BLOSSBURG - The state Department of Environmental Protection has fined a Marcellus Shale natural gas driller $40,000 and ordered it to correct multiple violations after discovering that the company illegally built an impoundment on "exceptional value" wetlands in the Tioga State Forest, jeopardizing an "important natural resource," according to community relations coordinator Dan Spadoni.
According to Spadoni, DEP inspected the Bloss Township site in March during an "unannounced" inspection and found that Seneca Resources Corp., of Brookville, had filled nearly 1 acre of "exceptional value" wetland without authorization, improperly built an impoundment, and caused sediment runoff by failing to institute erosion control best management practices.
According to Spadoni, the drilling company had been issued an Erosion and Sediment Control General Permit No. 1, which also was an "expedited" permit to build the fresh water impoundment to support gas well hydrofracturing activities in the area in November 2009, but that they had not put it in the right place, instead it was too close to Johnson Creek flood plain, a wild trout stream.
"They didn't use best practices during the earth moving activities. They had a permit to have it there but it was not built where it was supposed to be built, which was in that area, but it was not to impact any exceptional value wetlands," he said.

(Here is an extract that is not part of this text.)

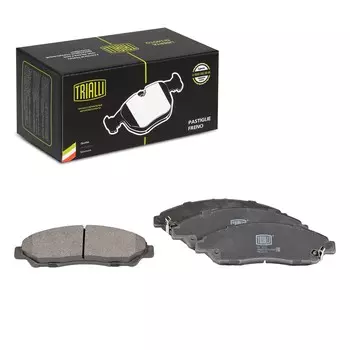 Колодка тормозная HONDA Pilot (08-)/ACURA MDX (14-) диск. передняя (TRIALLI)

Spadoni explained the way the process works for the expedited permit, is "DEP does an administration completeness review, to make sure all the information and signatures are there, but if that is signed and sealed by a licensed geologist and engineer, the assumption is that everything in the application is correct and in compliance with environmental laws and regulations."
Wetlands are normally home to a number of plants and different types of aquatic animals, Spadoni said.

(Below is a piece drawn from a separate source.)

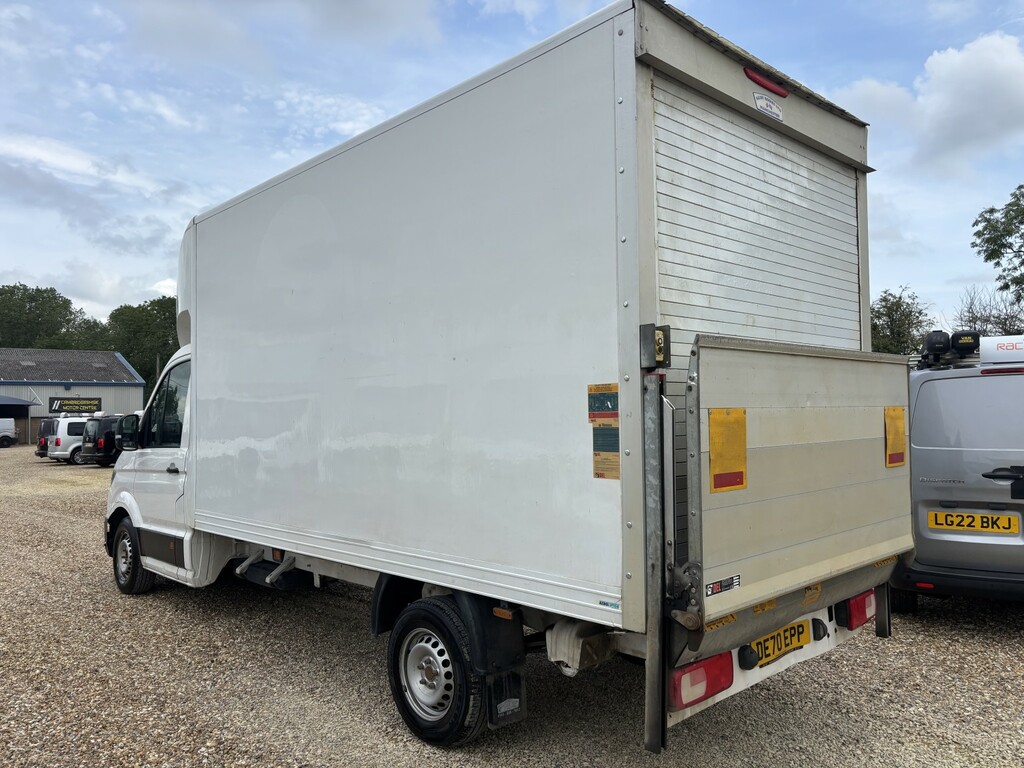 Volkswagen Crafter Cr35 Tdi M Silver #14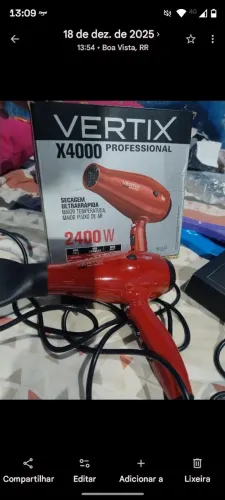 Secador de cabelo barato pra vender rápido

According to Spadoni, the company was issued a notice of violation and ordered to remove the impoundment.
"We said they would have to submit a wetland restoration and mitigation plan, which they did, we approved it and that is now in process," he added.
Seneca has removed fill from the impacted wetland, but not finished final grading or constructed the new, 0.86-acre exceptional value wetland.
"They may have to bring in and plant certain types of aquatic vegetation," Spadoni said.
The unauthorized fill in a wetland and sediment runoff were violations of the Pennsylvania Clean Streams Law and the Dam Safety and Encroachments Act.
"Wetlands are highly protected in Pennsylvania for a number of reasons, but largely because many plant and animal species depend on them for survival," said DEP North-central Regional Director Nels Taber.
"Beyond that, they improve water quality providing a natural purification system, add to a healthy environment, and help control flooding. It's important that we do everything possible to protect them, that's why DEP requires a permit before a wetland can be impacted."
Exceptional value wetlands receive special protection under DEP's Chapter 105 Dam Safety and Waterway Management regulations based on certain characteristics.